• Supplied information:
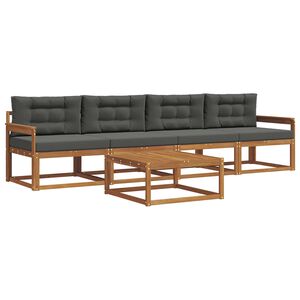 vidaXL Lauko sofos komplektas su pagalve 5 pcs Natūralus ir antracitas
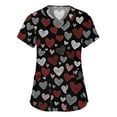 thumbnail image 2 of Fabrcox S-5XL Valentine Scrubs for Women Plus Size Love Heart Graphic Holiday Women's Scrub Tops V Neck Short Sleeve Women Nurse Uniform with Pockets, 2 of 5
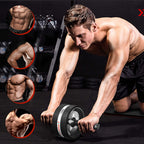 Entersports Abs Roller Wheel Kit, Exercise Wheel Core Strength Training Abdominal Roller Set With Push Up Bars, Resistance Bands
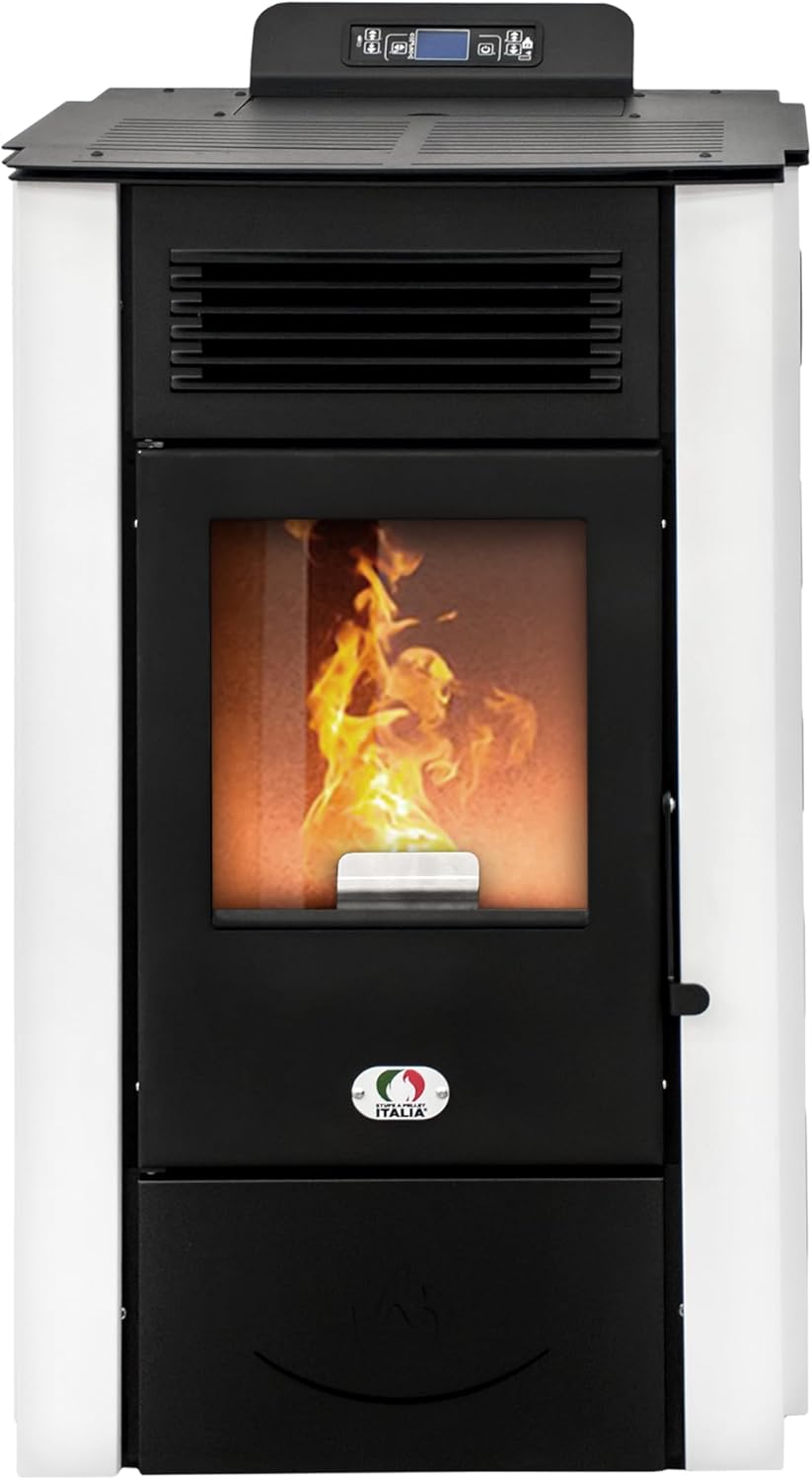 STUFE A PELLET ITALIA Colorado 15 KW | Pelletöfen Effizienz 92% Heizt 140m² Autonomie 15 Std. Programmierbar 5 Geschwindigkeiten und Leistungsstufen 24 Monate Garantie Weiß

• The problem: Once the pictures are set aside, give the rest of the listing again exactly.

• Response box:
 vidaXL Lauko sofos komplektas su pagalve 5 pcs Natūralus ir antracitas
 thumbnail image 2 of Fabrcox S-5XL Valentine Scrubs for Women Plus Size Love Heart Graphic Holiday Women's Scrub Tops V Neck Short Sleeve Women Nurse Uniform with Pockets, 2 of 5
 Entersports Abs Roller Wheel Kit, Exercise Wheel Core Strength Training Abdominal Roller Set With Push Up Bars, Resistance Bands
 STUFE A PELLET ITALIA Colorado 15 KW | Pelletöfen Effizienz 92% Heizt 140m² Autonomie 15 Std. Programmierbar 5 Geschwindigkeiten und Leistungsstufen 24 Monate Garantie Weiß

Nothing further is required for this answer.